Emergent resistance to all clinical antibiotics calls for the next generation of therapeutics. Here we report an effective antimicrobial strategy targeting the bacterial hydrogen sulfide (H₂S)–mediated defense system. We identified cystathionine γ-lyase (CSE) as the primary generator of H₂S in two major human pathogens, Staphylococcus aureus and Pseudomonas aeruginosa, and discovered small molecules that inhibit bacterial CSE. These inhibitors potentiate bactericidal antibiotics against both pathogens in vitro and in mouse models of infection. CSE inhibitors also suppress bacterial tolerance, disrupting biofilm formation and substantially reducing the number of persister bacteria that survive antibiotic treatment. Our results establish bacterial H₂S as a multifunctional defense factor and CSE as a drug target for versatile antibiotic enhancers.

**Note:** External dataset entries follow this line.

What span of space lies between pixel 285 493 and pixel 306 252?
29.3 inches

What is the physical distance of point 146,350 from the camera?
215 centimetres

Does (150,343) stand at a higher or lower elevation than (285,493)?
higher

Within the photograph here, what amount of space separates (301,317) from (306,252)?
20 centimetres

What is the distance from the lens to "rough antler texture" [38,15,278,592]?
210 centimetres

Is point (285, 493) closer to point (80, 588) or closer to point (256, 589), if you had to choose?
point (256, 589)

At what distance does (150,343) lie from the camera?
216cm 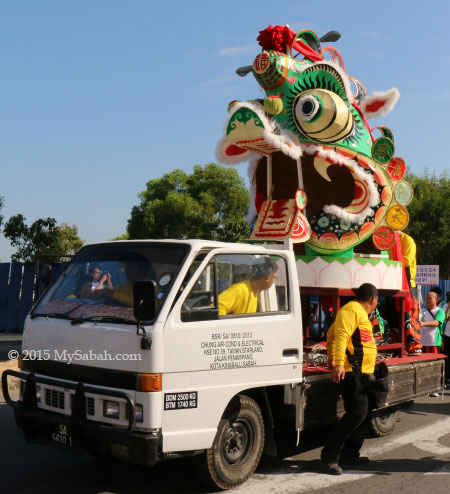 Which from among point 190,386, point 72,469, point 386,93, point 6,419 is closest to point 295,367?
point 190,386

对所有临床抗生素的新兴耐药性需要下一代治疗方法。在此，我们报告了一种针对细菌硫化氢 (H ₂ S) 介导的防御系统的有效抗菌策略。我们确定胱硫醚 γ-裂解酶 (CSE) 是两种主要人类病原体（金黄色葡萄球菌和铜绿假单胞菌）中 H ₂ S 的主要产生者，并发现了抑制细菌 CSE 的小分子。这些抑制剂在体外和小鼠感染模型中增强了针对两种病原体的杀菌抗生素。 CSE 抑制剂还可以抑制细菌耐受性，破坏生物膜的形成，并大幅减少抗生素治疗后存活的细菌数量。我们的结果确定细菌 H ₂ S 是一种多功能防御因子，CSE 是多功能抗生素增强剂的药物靶点。